Furthermore, in 50 patients who were at risk for AKI and were undergoing cardiac surgery with cardiopulmonary bypass, Meersch et al.(84) investigated whether urinary TIMP-2*IGFBP7 could predict renal recovery from AKI, which was defined as a plasma creatinine value at hospital discharge equal or lower than that at baseline. Urine samples were collected preoperatively on the day of surgery and at 4 hours, 12 hours and 24 hours after coming off the cardiopulmonary bypass. Of the 50 patients, 26 developed AKI as defined by the KDIGO criteria. TIMP-2*IGFBP7 served as a sensitive and specific marker of AKI early after cardiac surgery, and the decline between 4 and 24 hours after surgery served as an accurate marker of renal recovery with an AUC of 0.79 (95%CI: 0.65 - 0.92). The AUC for the difference between the two uNGAL values was 0.48 (95%CI: 0.31 - 0.64).

COMMENTS

AKI research has progressed substantially since consensus definitions for AKI and its severity were formulated. However, no AKI recovery definition was created, and the significant differences between studies regarding this concept make research on epidemiology, prognostication and ultimately interventions in the recovery phase of AKI extremely difficult. The identification of patients who are at high risk for failure to recover has important implications for their immediate and long-term care, namely, the avoidance/minimization of nephrotoxins or early referral to a nephrologist. Furthermore, some recent advances in recovery enhancers, such as formoterol,(85) atrasentan(86) or mesenchymal stem cells(87-89) stress the need to identify who (probably patients with the potential for recovery) may benefit from such treatments and when (probably as soon as renal recovery is expected) these patients may be expected to do so.
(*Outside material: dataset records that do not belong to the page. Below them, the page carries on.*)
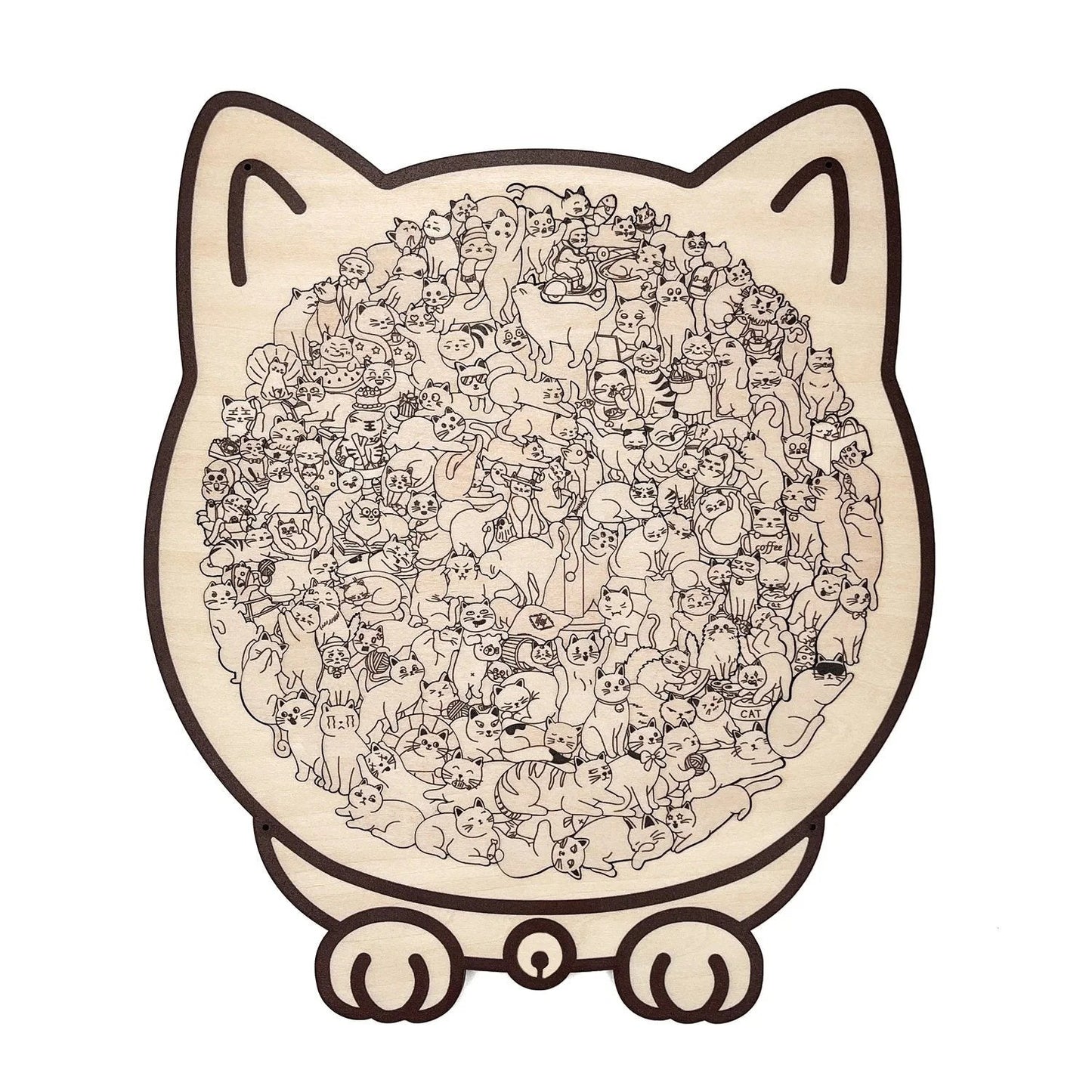 🎁Wooden Cat Puzzle with 135 Pieces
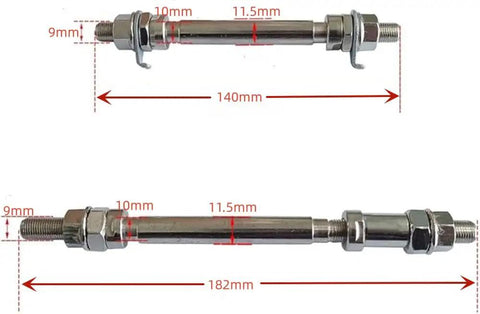 Rugged Bicycle Axles With Bearings 140mm And 182mm Front And Rear Hub Kit Two Pack image showing measurements and construction.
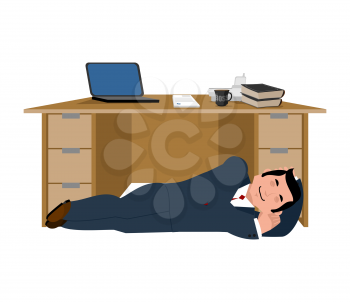 Businessman sleeping under table. Boss asleep. Office life. Vector illustration.
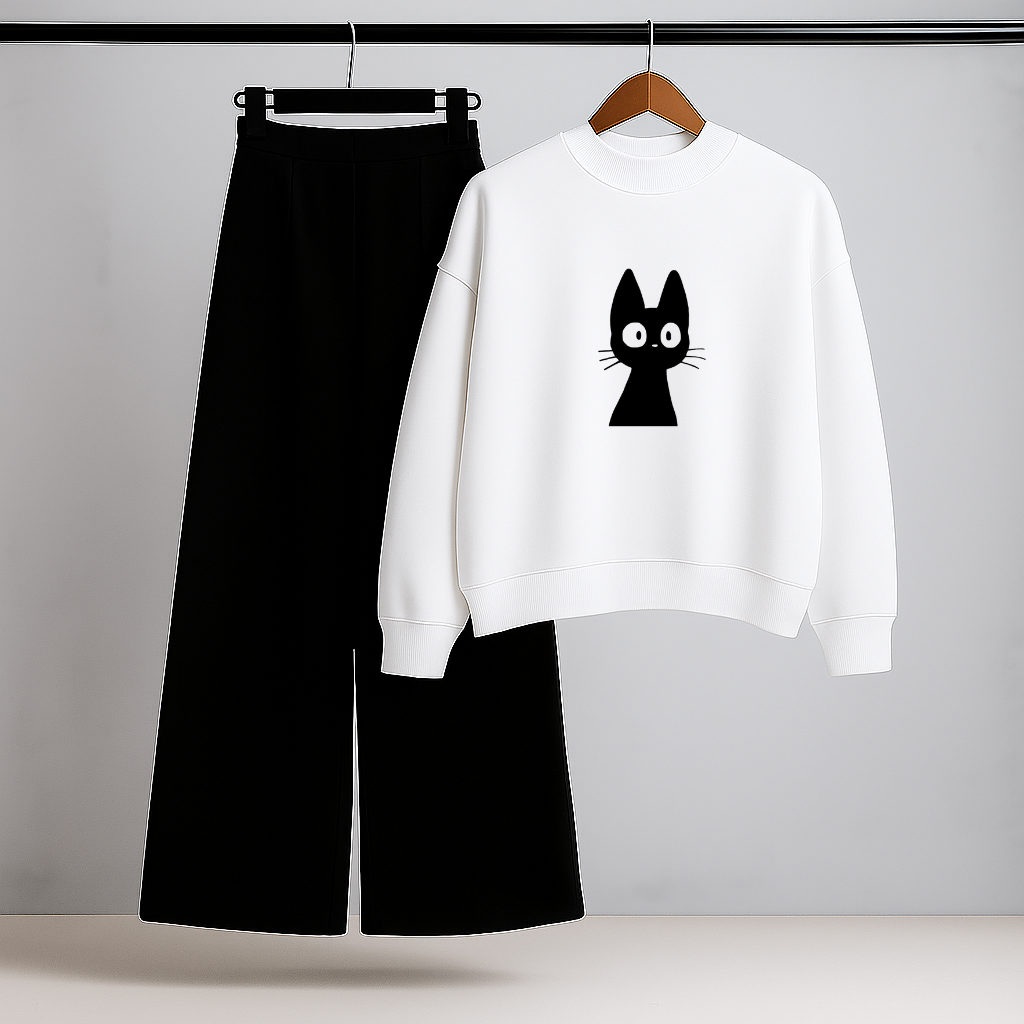 Mystery Cat White Sweatshirt & Trouser Set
Although age, CKD, systemic severity scores, AKI severity, urine output and early, continuous renal support using citrate anticoagulation have been associated with a greater chance of renal function recovery, the results are not consistent across different studies, and the influence of their use in clinical practice is almost irrelevant.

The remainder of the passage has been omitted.